The area of limited time is related to limited action through the notion of planning in which agents create plans of actions that they intend to perform over time and limited time is related to the area of limited perception through prediction as agents can create predictive models that determine what will happen in the future.

Friday, October 18, 2013


The FRIL language (Fuzzy Relation Inference Language) combines logic programming with uncertainity. FRIL combines support for classical logic with support for fuzzy logic and probability unified by mass assingments. FRIL has a list based syntax so in a way it is a dialect of Lisp:
  (1 2)
  (2 3)
  (3 4))
FRIL supports both discrete and continuous fuzzy sets each with their own syntactic representations. The extension of classical logic with fuzzy sets makes FRIL a much more general and powerful language then Prolog.

Thursday, October 17, 2013

Extensions to classical logic

An intelligent reasoning system must be able to effectively handle information that is uncertain, imprecise, and vague. This implies that an intelligent reasoning system should have a much richer system of logic then the boolean algebraic logic which is used to define mathematics.
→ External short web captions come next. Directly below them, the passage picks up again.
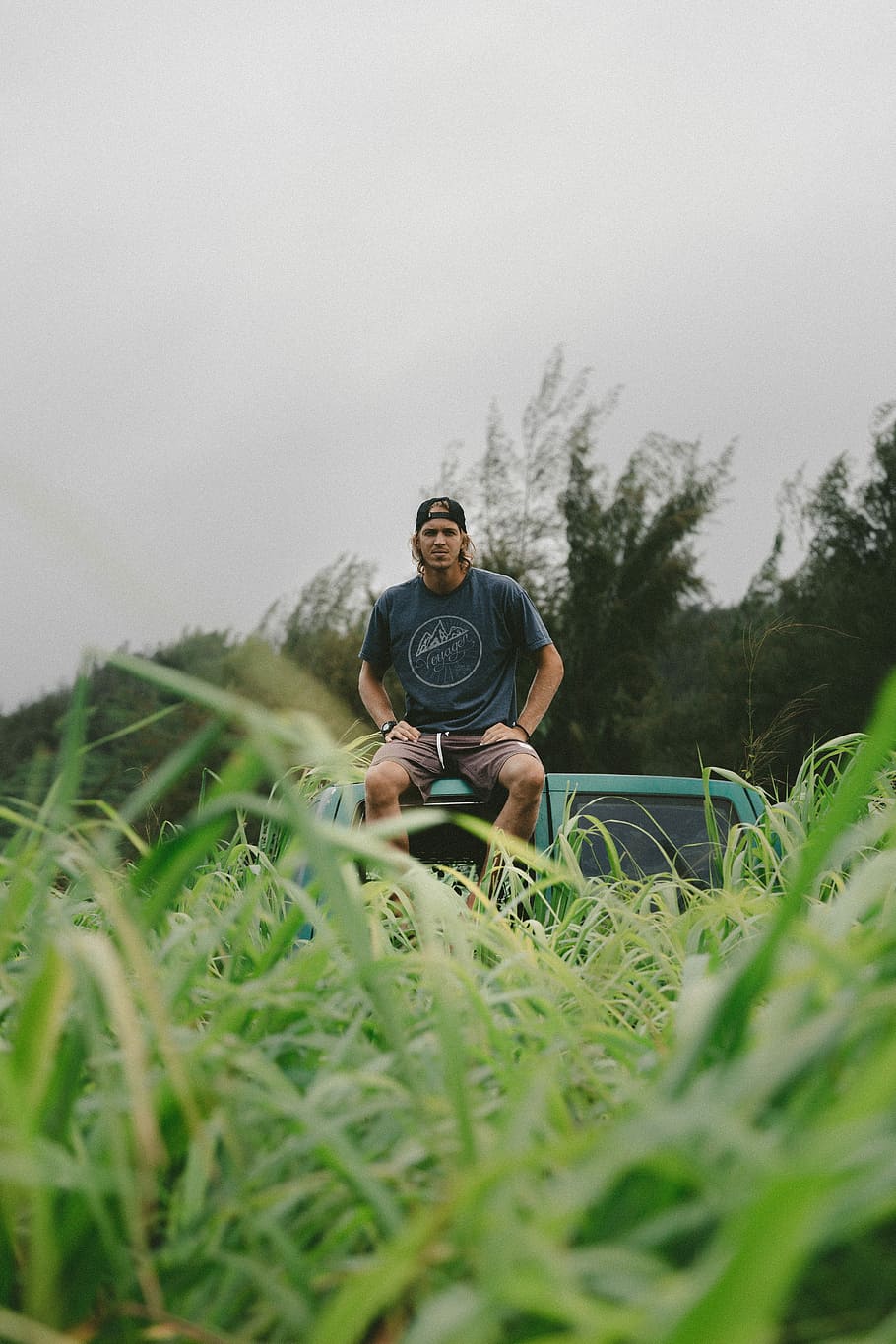 man in black crew-neck t-shirt sitting on green vehicle roof, man sitting on vehicle roof HD wallpaper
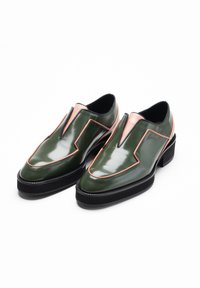 Groene lakleren schoenen met een unieke V-snede, roze accenten en een dikke zwarte platformzool. Gladde textuur en glanzende afwerking.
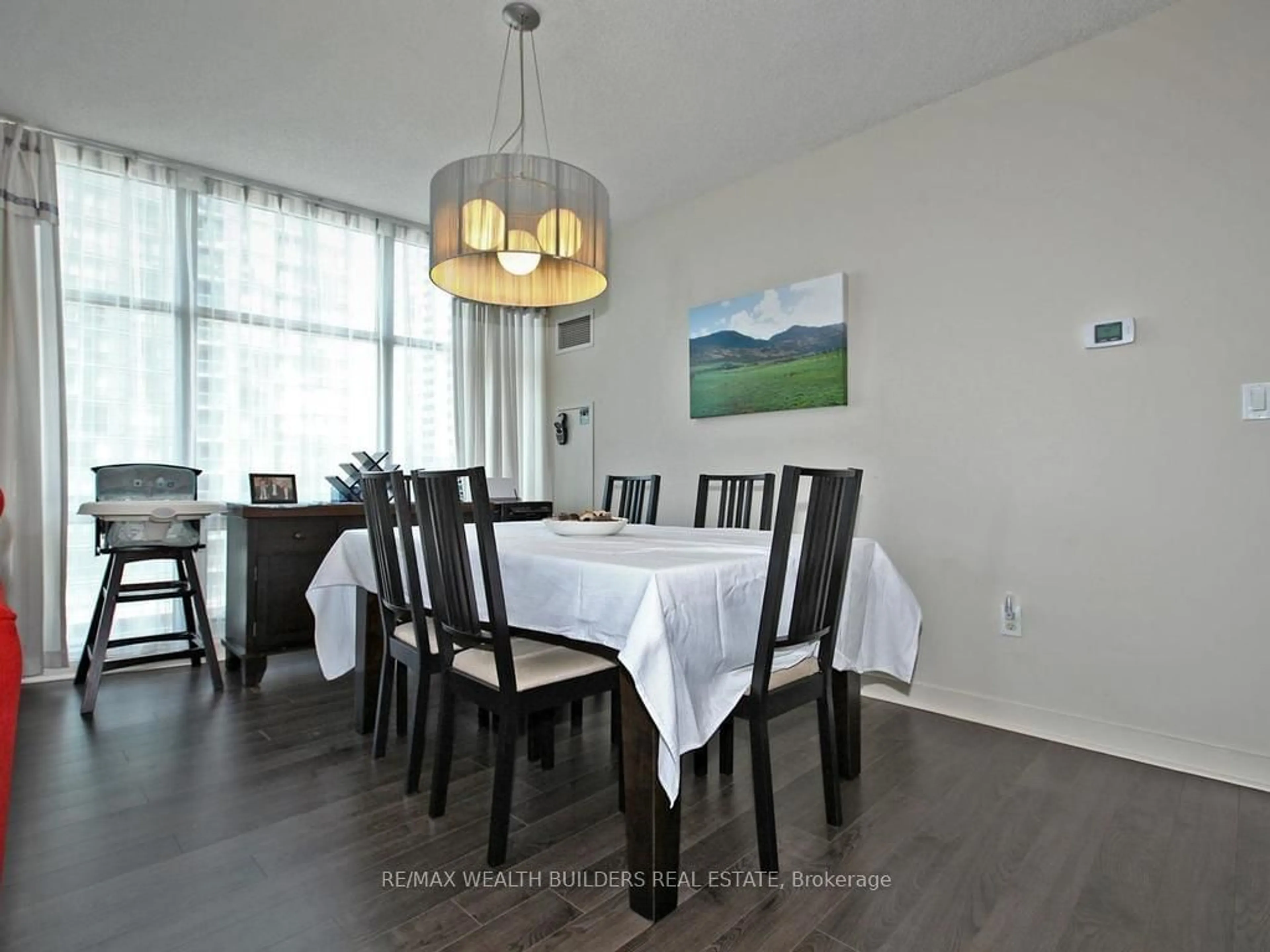 Dining room, wood/laminate floor for 35 Mariner Terr #712, Toronto Ontario M5V 3V9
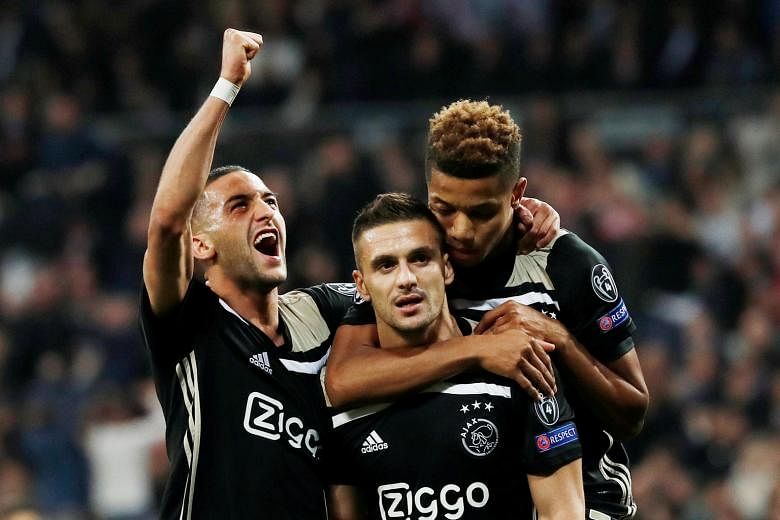 Real Madrid goalkeeper Thibaut Courtois grasping at thin air as a left-wing free kick from Lasse Schone soars past him into the top corner for Ajax's fourth goal at the Santiago Bernabeu. Dusan Tadic (centre) celebrates scoring their third goal with 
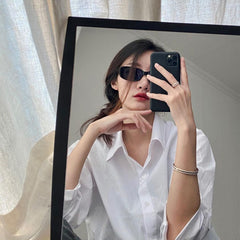 Woman wearing the Emalie Ring Satin White Rose Gold on her finger, styled with a matching rose gold bangle and a crisp white shirt in a modern, casual setting.
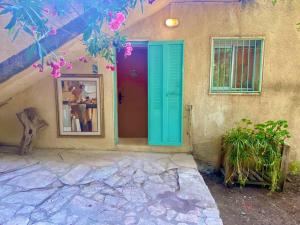 Bet ZayitLa Rustique Studio with a Spectacular View的一座带蓝色门和窗户的房子
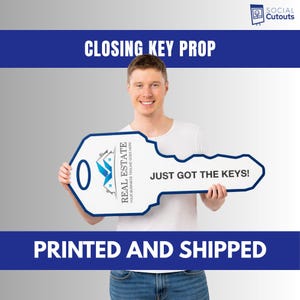 May include: A large, white key-shaped prop with a blue border, held by a person. The key features the text "REAL ESTATE" and "JUST GOT THE KEYS!". The prop is designed for real estate closing events.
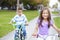 Two Hispanic Children Riding Bikes In Park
Extensions to the classical logic system including fuzzy logic which has degrees of belief, paraconsistent logic which has both belief and doubt, and probablistic logic which uses probability distributions. A reasoning system which uses such advanced logics may play a significant role in the construction of an AI.

Monday, October 14, 2013

Mathematical logic and order theory

An inescapable conclusion of the study of order theory is that mathematical logic is deeply intertwined with the study of partial ordering relations. We can form partial orders called concept hierarchies corresponding to the logical inclusion of predicates and we can represent elements of partial orders that form distributive lattices including well orders as sets or predicates. This naturally leads to the definition of Von Neumann ordinals in a well order for example. A description of the relation between mathematical logic and order theory is forthcoming.

Thursday, October 10, 2013

Complete lattice extensions

The natural numbers with infinity can be described as a complete lattice which can be extended by the integers with positive and negative infinity which can in turn be extended by the complete lattice of real numbers.

Given a real number such as 27/5 we can get an interval approximation for this number through the integers sublattice of (5,6). Likewise for a negative real number such as -5/4 we can get an approximation of (-2,-1). Since the sublattice of natural numbers doesn't contain any negative numbers the only approximation we can get there is (> 0).

Given the trivial lattice containing just the number zero we can get approximations of (< 0), (> 0), and equal to zero which are essentially just the sign of the number. Given the complete lattice of real numbers we can always get a standard part which doesn't even need to be expressed as an interval because the real numbers form a dense complete total order.

The surreal number $27/5+\frac{1}{\omega}$ has a standard part of 5, an integer part of (5,6) as described earlier, and a sign of (< 0). The infinite surreal numbers $\omega$ and $\sqrt{\omega}$ both have a standard part of (< Infinity). Complete lattice extensions can be used to construct ever more advanced total ordered number systems.

Thursday, October 3, 2013

Continuous iteration of exponentation

The continuous iteration of the exponentiation operation may hold the key to extending transseries to deal with larger and larger growth rates. We can iterate the exponentation operation to integer arguments for example $exp^2(x) = exp(exp(x))$, $exp^{-1}(x) = log(x)$, and $exp^{-2}(x) = log(log(x))$ so the key to continuous iteration are the fractional iterates of exponentiation such as the half-iterate.

These fractional iterates of exponentiation apparently can be described by the natural tetration operation $tet$ and its inverse function in a similar manner to how we can describe general iterates of multiplication using $exp$ and its inverse function $ln$. As a result of this it may be the case that we should extend transseries with the $tet$ function in order to implement iterates of $exp$ and larger growth rates.